My first interest as an artist was in sculpture, I liked creating tangible, three-dimensional objects and worked almost exclusively in wood. In 1985 my work evolved into Performance Art. I spent the next ten years creating wearable sculptures and performing across the United States and in Europe. Over the last five years, my interest in the computer as a visualization tool has transformed me into a digital artist.
My Left Hand is a series of images which appear photographic, but are not made with a camera. My hand, like an actor or dancer performing on a stage, assumes a pose and then moves. The poses and actions my hand makes are not on a traditional stage but a digital one, a flat-bed scanner. The scanner digitizes and documents my actions as static computer image files. While most digital images rely on software to manipulate and distort a still image, I am interacting with the image-capturing process to manipulate and distort how digital technology perceives and records visual information in real time. In effect, I am using a scanner as a camera and exploiting the way a scanner "sees."
Issues of identity and expression are explored in Head Shots, a series of self-portraits about personal emotional states. In these images my highly expressive facial "poses" are grossly distorted to heighten the natural expressive quality of the face. These distorted self-portraits are both disturbing and appealing. The self-portraits are created by exploiting the way "technology sees." I place my head on a flatbed scanner bed and interact with the scanning process. The resulting images offer insights into both my identity and the imaging ability of current technology.
My digital images have grown out of a deep interest in technology, but my previous work as a sculptor and performance artist is also a factor. I was originally trained as a sculptor. In 1985, while I was working on a static figure sculpture, I realized that if I could put myself into my sculpture and create a sculpture that I wore, I could install my sculpture anywhere. This was the start of a performance art project that grew and developed over the next ten years.
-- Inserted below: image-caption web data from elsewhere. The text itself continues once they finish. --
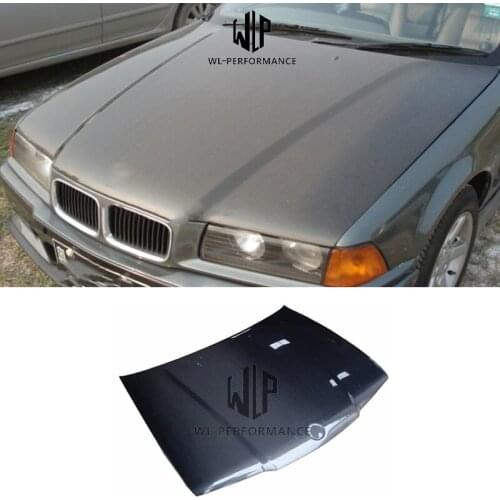 E36 3 Series High Quality Carbon Auto Fiber Bumper Front Engine Hood Bonnets Engine Covers For BMW E36 1992-1999 Car Body Kit
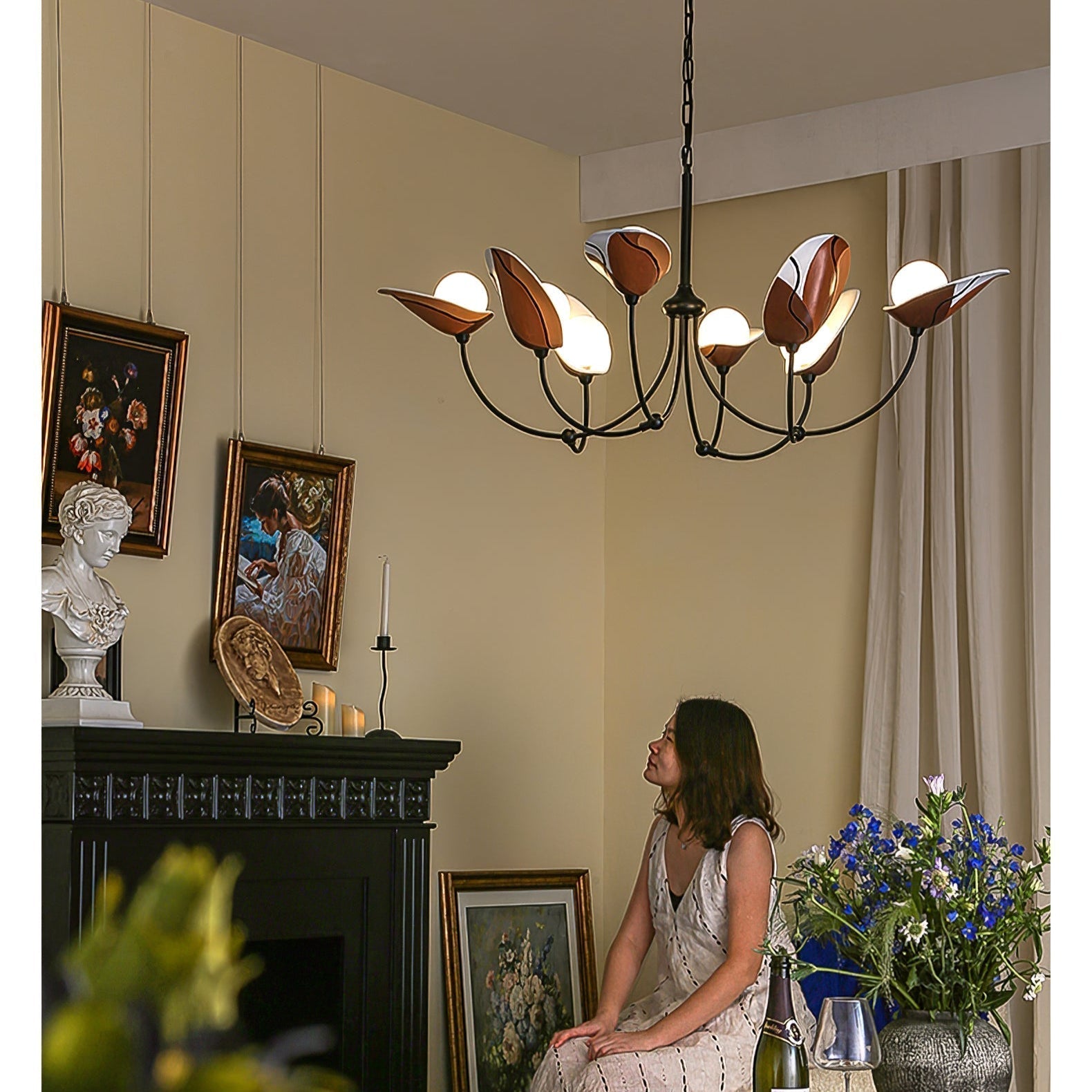 Florea Bloom Chandelier - Lamp Outdoor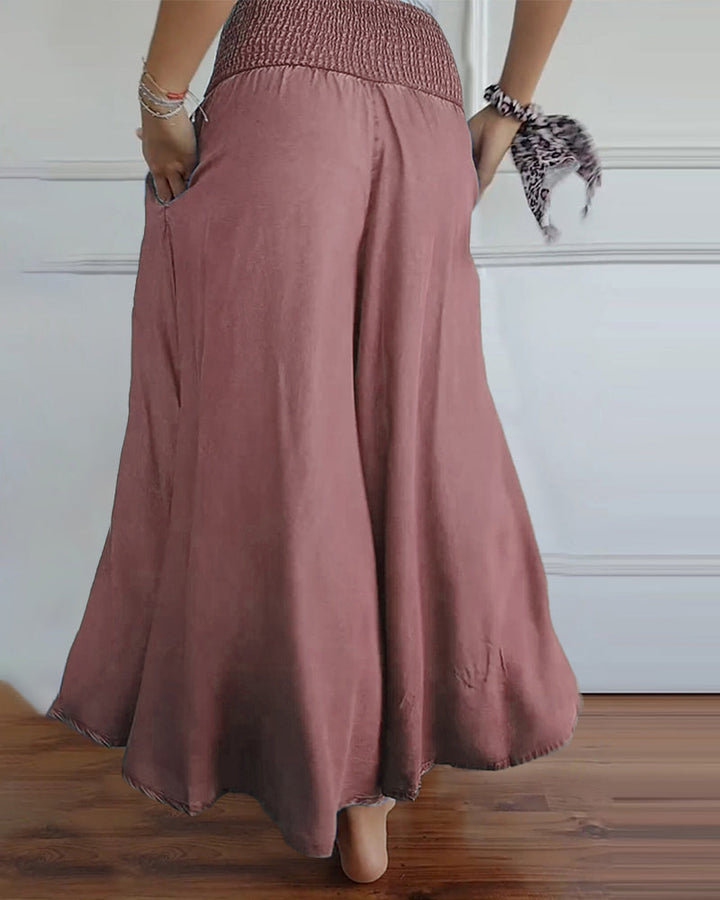 Reina - Comfy Wide-Leg Trousers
In that time I would wear sculptures I made and install myself, my art, in various museums, galleries and urban environments. The museum self-installations were unannounced visits to a museum wearing my sculpture. I simply walked into a museum wearing a sculpture. Once in the museum, I would install myself in a gallery and interact with the art on exhibit. (photo by Blaise Tobia)
Men In Suits followed the first wearable sculptures made of wood and fabric. In these pieces, I coated men's suits with silicone rubber. The Philadelphia performance, Men In Suits, The Commuters, was the first time I had a group of people wearing my sculptures. The living sculptures performed in several downtown Philadelphia locations. Interacting with people in real time added an exciting element to the piece. The more I performed the more I realized that the series of sculpture/performances had to do with issues of identity; the identity of the artist in relation to his art, male identity, society identifying objects as art, context and identity, interaction and identity. (photo by Blaise Tobia)
In my recent digital images, I recapture the excitement of an unpredictable interactive street performance by treating a flat-bed scanner as though it were a stage on which I perform. Now, I am exploring my gestures, my objects and how technology identifies and images.